* **WORK TO BE COMPLETED**: Reproduce exactly, from the data that follows, the line with "Property at 15030", the line with "Chaos in the", and every line that lies between them.

* **DATA EXCERPTS**:
● ● ● ●

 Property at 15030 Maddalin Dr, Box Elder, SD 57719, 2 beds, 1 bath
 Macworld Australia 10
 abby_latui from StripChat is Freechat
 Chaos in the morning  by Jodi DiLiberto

● ● ● ●

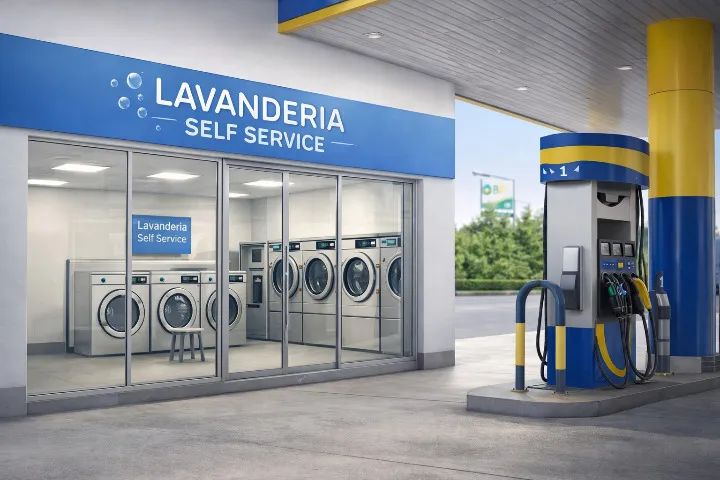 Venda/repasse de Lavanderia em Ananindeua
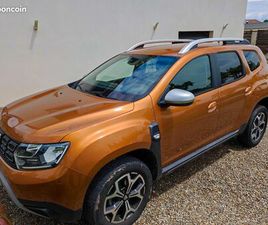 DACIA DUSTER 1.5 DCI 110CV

● ● ● ●

* **EXPECTED OUTPUT**:
 Property at 15030 Maddalin Dr, Box Elder, SD 57719, 2 beds, 1 bath
 Macworld Australia 10
 abby_latui from StripChat is Freechat
 Chaos in the morning  by Jodi DiLiberto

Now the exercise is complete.